# Kershaw Penguin Eight 20



## rob91 (Jun 20, 2008)

http://licm.org.uk/livingImage/Kershaw-penguin.html

I just came across one of these, though it didn't come with a shutter release (rod?) as you can see in the picture. Anyone familiar with fixing these, or how difficult it might be to add one myself? Thanks.


----------



## rob91 (Jun 20, 2008)

I also wonder if maybe I'm missing the shutter. On the pic below there is one red button thingy, mine has two on each side, so maybe it is a slightly different model? I also can't figure out what those two red things do...

http://images.suite101.com/332895_com_img_0096kershawpenquin.jpg


----------



## Mitica100 (Jun 21, 2008)

The one to the right, as you look at the picture, could be the aperture control. You can adjust the aperture by moving it around the shutter. The other one could be the shutter speed? I am not very familiar w/the British cameras but I'm guessing the above.

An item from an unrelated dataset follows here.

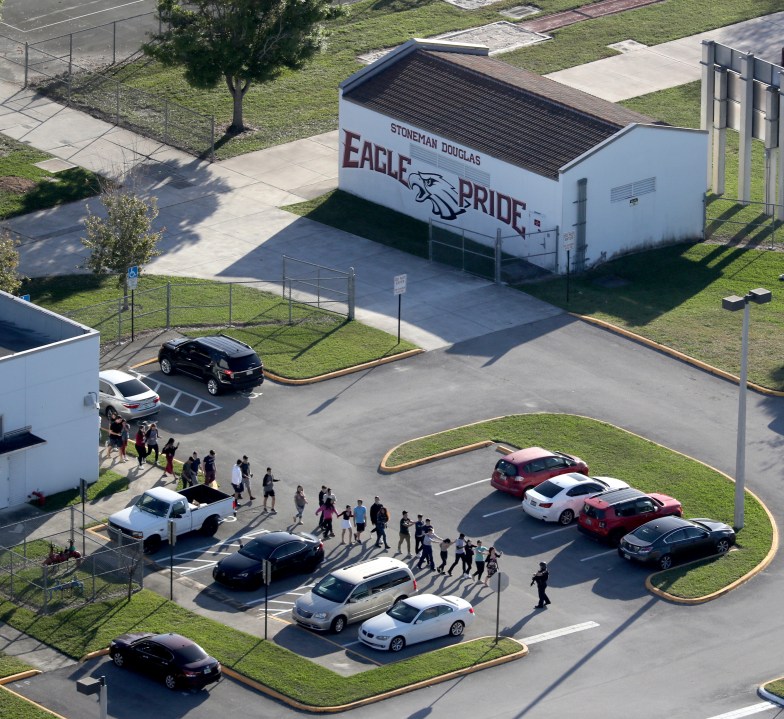 FILE - Students are evacuated by police from Marjory Stoneman Douglas High School, Wednesday, Feb. 14, 2018, in Parkland, Fla., after a shooter opened fire on the campus. A reenactment of the 2018 massacre that left 17 dead, 17 wounded and hundreds emotionally traumatized, is scheduled to be conducted Friday, Aug. 4, 2023, as part of lawsuits filed by the victims' families and the injured. (Mike Stocker/South Florida Sun-Sentinel via AP, File)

They're pretty easy to fix in general. You have to see if bellows are light tight, shutter works (the metal rod/plunger should be the shutter release).


----------



## rob91 (Jun 21, 2008)

The problem is mine doesn't have the "plunger" to release the shutter, and I'll be damned if I can even tell where I would put a replacement rod in.


----------



## compur (Jun 22, 2008)

It may only have a socket for a cable release.


----------